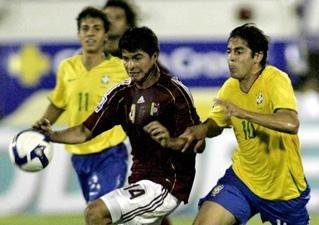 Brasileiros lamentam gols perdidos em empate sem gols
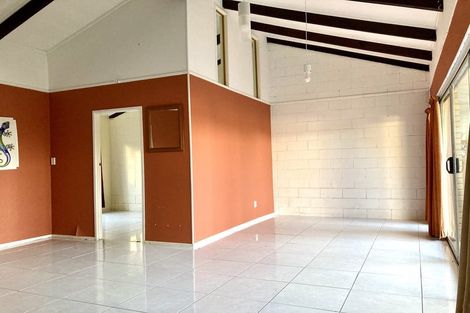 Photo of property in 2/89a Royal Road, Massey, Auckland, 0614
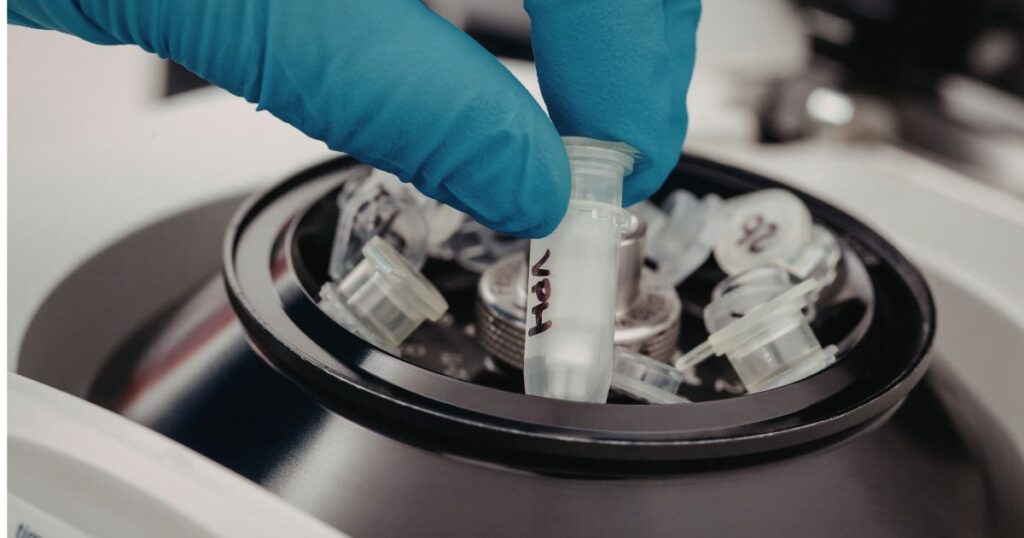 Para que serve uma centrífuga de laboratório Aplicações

- Problem requirements
What is needed is a word-for-word restatement of the lines from the one holding "Photo of property" to the final line of the data above, inclusive, without any pictures.

- Completed task
 Photo of property in 2/89a Royal Road, Massey, Auckland, 0614
 Para que serve uma centrífuga de laboratório Aplicações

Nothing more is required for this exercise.